GUEST EDITORIAL

The ethanol mistake

11/21/2013
WASHINGTON POST

Once touted as a climate-friendly renewable alternative to foreign oil, corn-based liquid ethanol has been exposed as an environmental and economic mistake. Lured by federal subsidies, Midwestern farmers have devoted millions of acres to corn that might otherwise have been devoted to soil conservation or feed-grain production.

A dead zone fed by fertilizer runoff spreads at the mouth of the Mississippi. And production costs throughout the grain-dependent U.S. food industry rise.

At the end of 2011, the ethanol industry lost a $6 billion annual tax-credit subsidy. Last week, the U.S. Environmental Protection Agency delivered another policy defeat for ethanol — which is to say, a victory for common sense.

The EPA proposes a cut in the amount of ethanol the nation’s refiners must add to the fuel supply in 2014, from 18.15 billion gallons of ethanol called for in current law to a new target of 15 billion to 15.52 billion gallons. The downward revision is the first such reduction since Congress enacted the Renewable Fuel Standard (RFS) in 2007.

At that time, gasoline consumption was high and rising. It seemed reasonable to put the country on course to blend 36 billion gallons of ethanol into motor fuel by 2022, as the RFS statute did.

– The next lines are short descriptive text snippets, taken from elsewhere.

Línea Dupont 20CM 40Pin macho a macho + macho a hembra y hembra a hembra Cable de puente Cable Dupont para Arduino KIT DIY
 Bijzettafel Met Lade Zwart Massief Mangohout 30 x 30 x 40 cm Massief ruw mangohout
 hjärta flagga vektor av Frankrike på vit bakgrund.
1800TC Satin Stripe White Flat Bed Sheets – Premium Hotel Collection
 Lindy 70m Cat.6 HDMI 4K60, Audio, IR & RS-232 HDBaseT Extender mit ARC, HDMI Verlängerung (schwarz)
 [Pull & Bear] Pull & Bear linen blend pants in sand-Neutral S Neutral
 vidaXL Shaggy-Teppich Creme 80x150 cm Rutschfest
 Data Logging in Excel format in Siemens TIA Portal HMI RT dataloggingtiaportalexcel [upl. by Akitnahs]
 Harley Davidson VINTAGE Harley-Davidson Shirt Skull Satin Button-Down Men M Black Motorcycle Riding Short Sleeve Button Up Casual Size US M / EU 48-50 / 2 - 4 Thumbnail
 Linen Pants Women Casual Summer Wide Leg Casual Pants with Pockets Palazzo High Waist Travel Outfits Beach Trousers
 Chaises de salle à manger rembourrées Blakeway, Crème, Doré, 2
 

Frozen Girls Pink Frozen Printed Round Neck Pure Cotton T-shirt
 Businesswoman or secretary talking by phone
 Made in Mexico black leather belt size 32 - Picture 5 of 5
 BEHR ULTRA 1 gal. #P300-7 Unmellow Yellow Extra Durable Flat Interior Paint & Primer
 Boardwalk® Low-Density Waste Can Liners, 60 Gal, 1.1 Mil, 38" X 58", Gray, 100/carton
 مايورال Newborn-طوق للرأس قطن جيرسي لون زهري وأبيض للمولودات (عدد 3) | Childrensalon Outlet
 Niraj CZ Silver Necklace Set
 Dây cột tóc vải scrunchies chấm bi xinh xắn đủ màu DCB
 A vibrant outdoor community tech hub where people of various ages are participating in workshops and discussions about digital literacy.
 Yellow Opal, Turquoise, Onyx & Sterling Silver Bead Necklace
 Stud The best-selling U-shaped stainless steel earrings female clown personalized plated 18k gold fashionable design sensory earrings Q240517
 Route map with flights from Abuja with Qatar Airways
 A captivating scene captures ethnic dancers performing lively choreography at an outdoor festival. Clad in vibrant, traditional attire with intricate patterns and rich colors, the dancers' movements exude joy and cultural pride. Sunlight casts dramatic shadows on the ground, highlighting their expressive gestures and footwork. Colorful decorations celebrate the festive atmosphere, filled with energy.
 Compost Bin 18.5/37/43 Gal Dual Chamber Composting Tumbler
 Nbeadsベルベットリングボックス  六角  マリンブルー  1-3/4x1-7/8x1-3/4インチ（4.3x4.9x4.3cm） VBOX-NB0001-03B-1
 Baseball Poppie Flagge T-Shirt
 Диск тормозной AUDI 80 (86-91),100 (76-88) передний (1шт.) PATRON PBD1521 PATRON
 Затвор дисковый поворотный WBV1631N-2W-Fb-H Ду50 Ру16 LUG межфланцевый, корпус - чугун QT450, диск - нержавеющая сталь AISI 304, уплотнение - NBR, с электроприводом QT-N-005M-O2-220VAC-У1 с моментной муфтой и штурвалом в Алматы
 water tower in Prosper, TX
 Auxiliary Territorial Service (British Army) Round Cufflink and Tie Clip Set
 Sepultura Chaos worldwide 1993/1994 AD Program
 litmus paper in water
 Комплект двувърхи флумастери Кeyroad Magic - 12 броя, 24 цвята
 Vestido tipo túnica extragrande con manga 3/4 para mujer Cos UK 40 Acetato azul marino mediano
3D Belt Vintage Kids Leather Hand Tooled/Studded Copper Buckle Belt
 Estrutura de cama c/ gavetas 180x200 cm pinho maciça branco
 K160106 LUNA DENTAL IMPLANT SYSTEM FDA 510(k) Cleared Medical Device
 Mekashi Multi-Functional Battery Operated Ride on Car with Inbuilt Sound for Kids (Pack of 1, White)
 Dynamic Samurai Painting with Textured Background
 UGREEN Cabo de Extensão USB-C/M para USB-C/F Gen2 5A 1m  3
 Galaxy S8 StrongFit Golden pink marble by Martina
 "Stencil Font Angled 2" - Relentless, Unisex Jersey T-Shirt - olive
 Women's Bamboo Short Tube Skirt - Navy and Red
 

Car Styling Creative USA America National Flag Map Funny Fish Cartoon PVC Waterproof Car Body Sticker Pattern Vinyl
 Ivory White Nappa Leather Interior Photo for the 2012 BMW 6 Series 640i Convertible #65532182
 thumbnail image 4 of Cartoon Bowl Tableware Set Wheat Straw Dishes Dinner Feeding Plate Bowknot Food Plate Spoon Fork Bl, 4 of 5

But changes in motorists’ habits and advances in fuel economy have made that objective unrealistic. Driving and motor-fuel use have plateaued.

Mixing more ethanol into a fixed or shrinking pool of fuel would bump up against the capacity of engines to burn it, as well as the capacity of the distribution network to pump it. Rather than hit this so-called blend wall, the EPA wisely decided to scale back the ethanol mandate.

Expect to hear from the ethanol lobby about how this is a victory for their rivals in the Big Oil and Big Grocery lobbies — which it is. The former has no interest in federal subsidy of a rival fuel; the latter would like less competition for access to grain. But that doesn’t mean their arguments are without merit.

The public benefits of ethanol subsidies do not offset the market distortions or outweigh the costs. The only flaw in the EPA’s announcement is that it doesn’t go far enough.

Partly, this is because the EPA only has authority to waive the legal mandate for a year. And partly, it’s because “biofuels are a key part of the Obama Administration’s … energy strategy,” EPA Administrator Gina McCarthy says.

What’s really needed is repeal of the ethanol mandate, which was enacted in a different time, on the basis of projections about energy markets that have not panned out. More-efficient fuel conservation measures, such as a gasoline tax increase, would let broad incentives, not politics, determine the best way to move vehicles while meeting energy security and environmental goals.